POSTED: January 9, 2014 6:19 p.m.

The new year has arrived and lake water temperatures are all over the place this week. There is still some ice melting in the back of the coves, with the main lake sitting around the mid 40s.

Lake Lanier’s water level is Ú-foot below full pool at 1,070.75 feet, but more rain is projected and the U.S. Army Corps of Engineers continues to pull a lot of water to get Lanier down low enough ahead of the spring rains. The lake is clear on main lake and in the mouths of the creeks and stained in the backs of the creeks.

The rivers are stained. The Chattahoochee River is clear below Buford Dam. Check generation schedules before heading out to the river by calling 770-945-1466.

Bass: Many hardcore anglers may have considered buying an ice auger and an enclosed ice fishing shanty like they do up north this past week, but the warming weather and rain inflow will soon knock out any ice that is left on the surface.

The type of cold we had this past week rarely happens and I even stayed home during the single digits.

But, the engine got warmed up yesterday and the fishing has changed again.

When we get a cold spell like this, a lot of fish will move deep and kind of huddle together, like us humans, to stay warm. Some fish will always remain shallow, but the majority move into deeper water where the temperatures are more stable.

First, the frigid cold will often cause a shad kill, and when this happens bass can just hang out deep on the bottom and eat shad as they decend from the surface. This scenario sets up the perfect storm for fishing a jigging spoon.

Use your electronics to find the shad schools more than 30 to as much as 60 feet deep.

Drop a Hopkins or other model spoon down to the bottom, jerk it up and let it fall where you mark bass and shad.

Try to vary the speed and let your strikes be the indicator of what works best. You can also use a SPRO Buck Tail Jig or a standard jig n’ pig in this same scenario.

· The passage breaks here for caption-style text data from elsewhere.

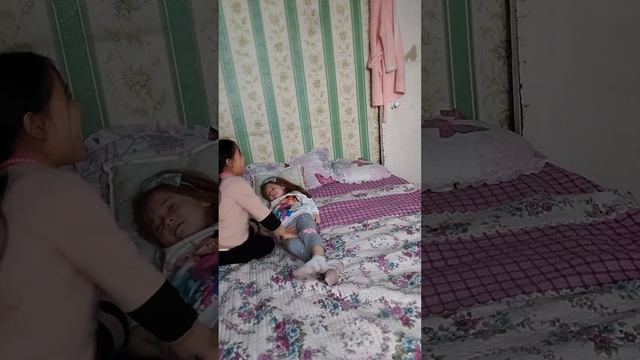 супер злодей тьмы и каралева танцев смотреть онлайн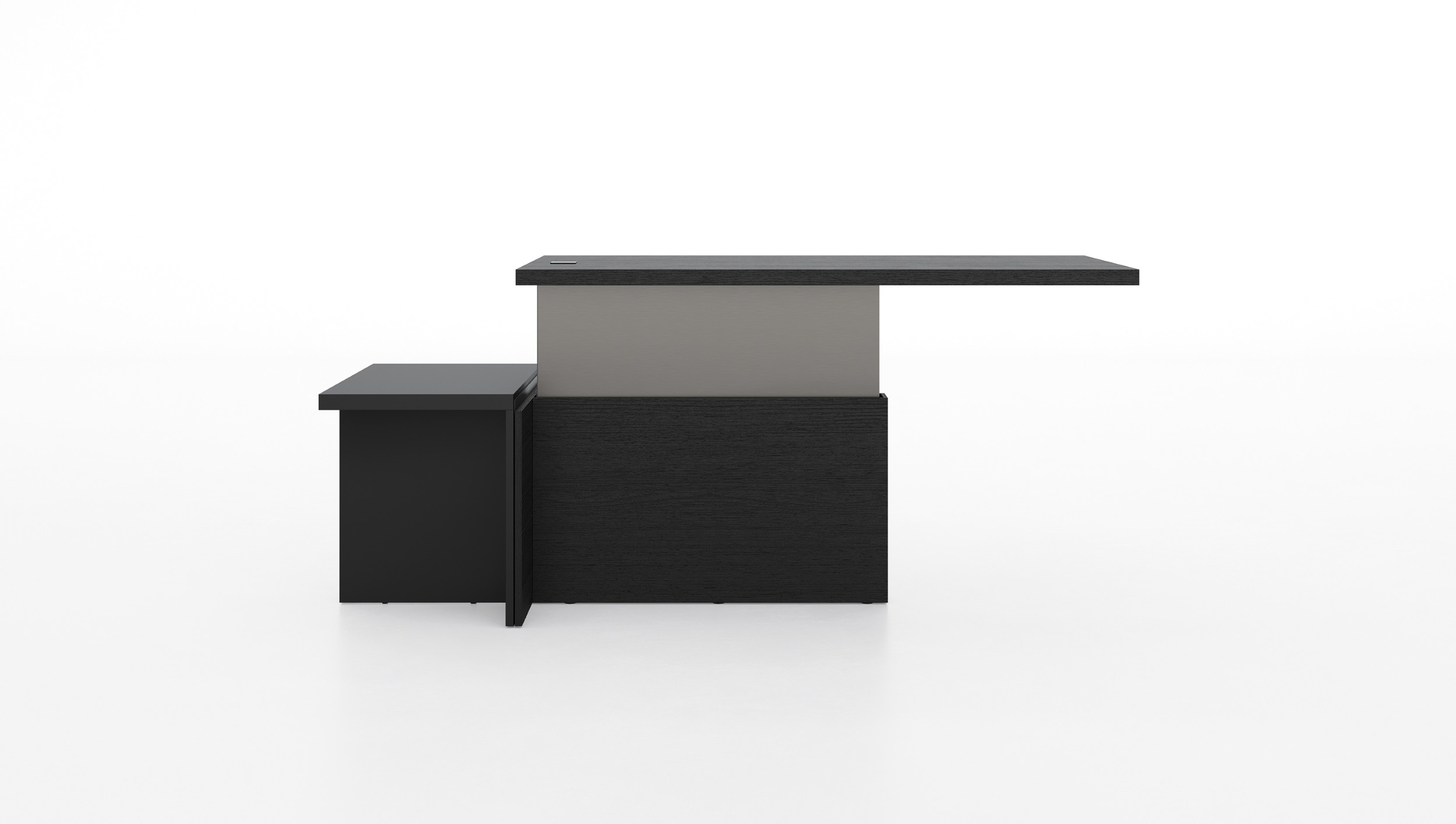 MUX70 Collection
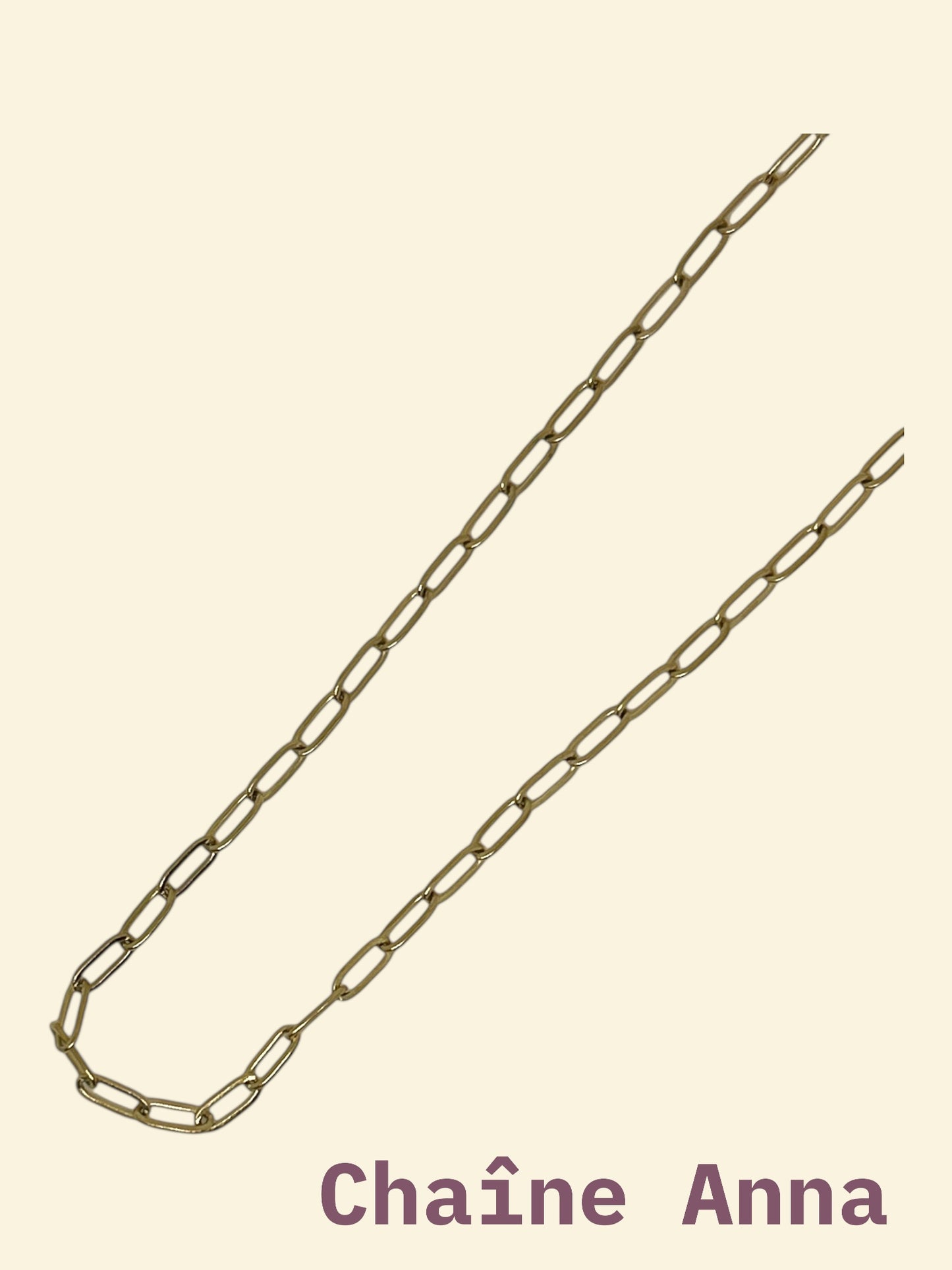 ✨ Kit Collier 7 Charms – Crée ton collier de rêve ✨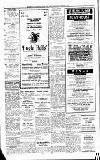 Montrose Standard Thursday 10 December 1959 Page 6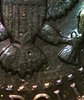 20190323_110659.jpg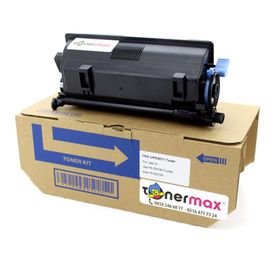 Tonermax Utax 1T02T80Ut0 / Pk-3011 / P-5531 / P-6031 Muadil Toneri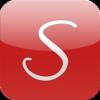 Scent Sational For Ipad 3.0.1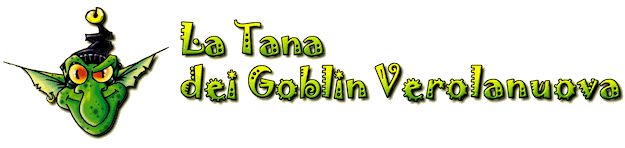 TdG Verolanuova TdG Verolanuova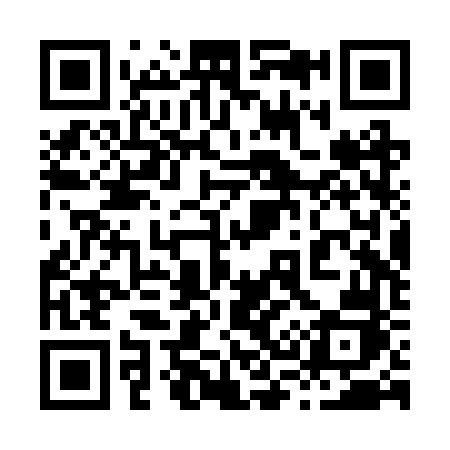 QR code for 832RVJ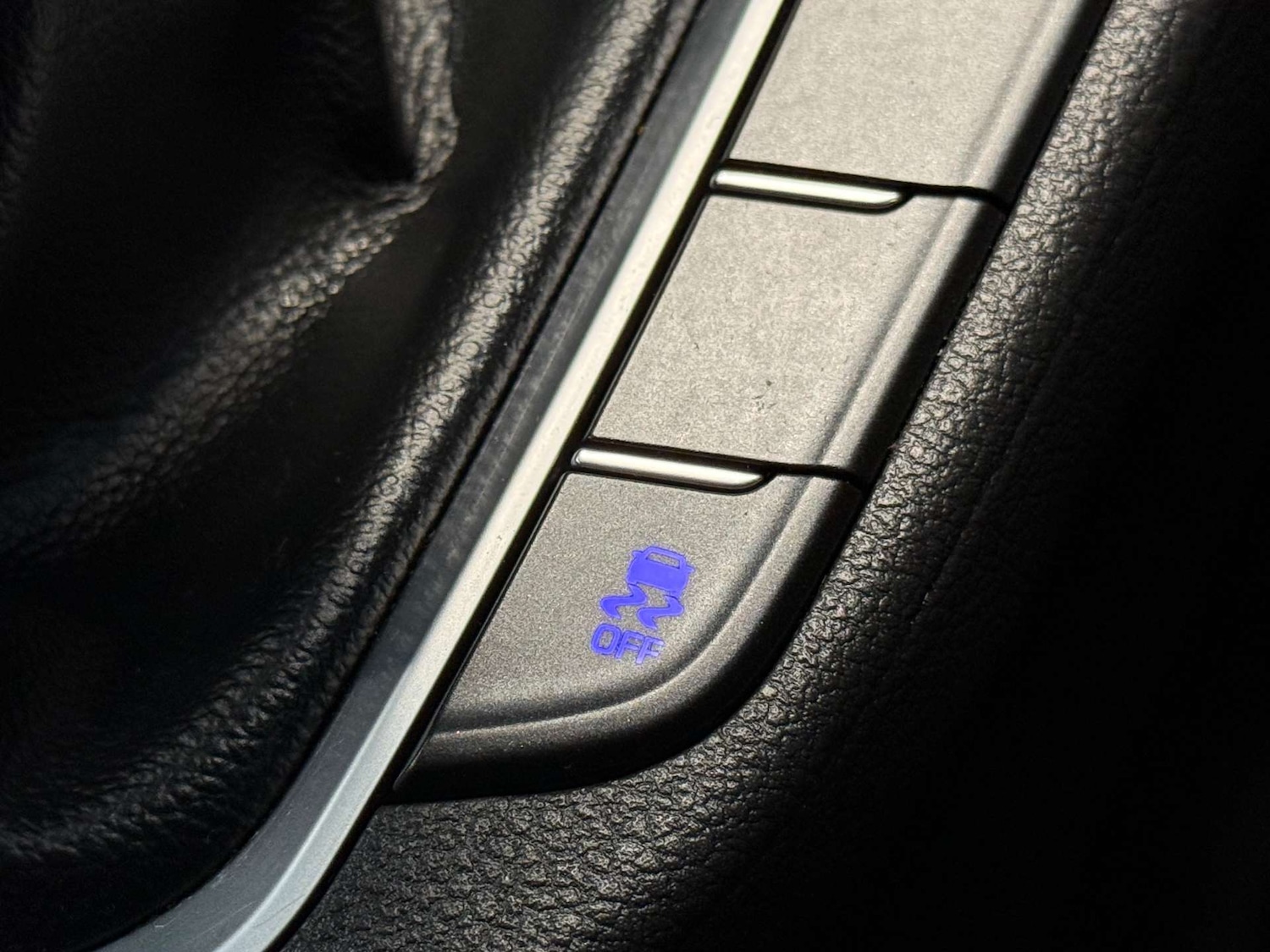 Used Hyundai i30 2018 for sale - 78213853: Photo 33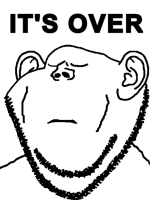 image_2025-03-26_210908465.png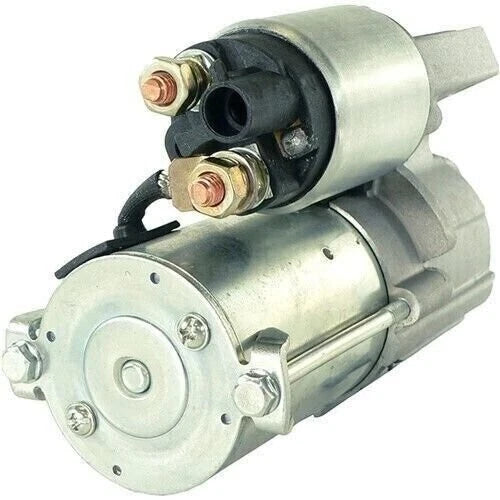 Starter for Pontiac G6 3.9L V6 (2006–2009)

The second pattern that many anglers ignore is to use live bait and vary your setup with flat lines (with no weight) or down lines (with weight) and see what the bass prefer. Many anglers catch bass when using live bait while fishing for stripers.

Use a Gamakatsu Circle hook if you plan to release your catch. When bass eat live bait, the same fish will often strike artificial lures like crank baits, buck tails or other shad imitators.

There is a third pattern that can appear when the rain comes. Target areas that receive the warmer rain inflow and fish a finesse worm on a Gamakatsu Alien Head or other jig head in the ditches, where the rain flows into the lake.

This rain runoff water will be warmer than the lake water, and it will be high in oxygen, often bringing food like earth worms or insect along with it.

Bass will eat terrestrials but so will the prey fish that they target, so they will have plenty of reasons to hang out around these warmer rain inflows.

Stripers: This past week’s brutal cold spell may have pushed some stripers a little deeper to eat shad, but the voracious spot fish are used to the cold.

In summer, stripers actually seek the coldest water, so 45 degree surface temperatures are no problem for them and they are still feeding close to the surface in many areas.

Live bait is usually the choice of striper anglers. Store-bought trout or shiners are easy to keep alive and healthy in the winter.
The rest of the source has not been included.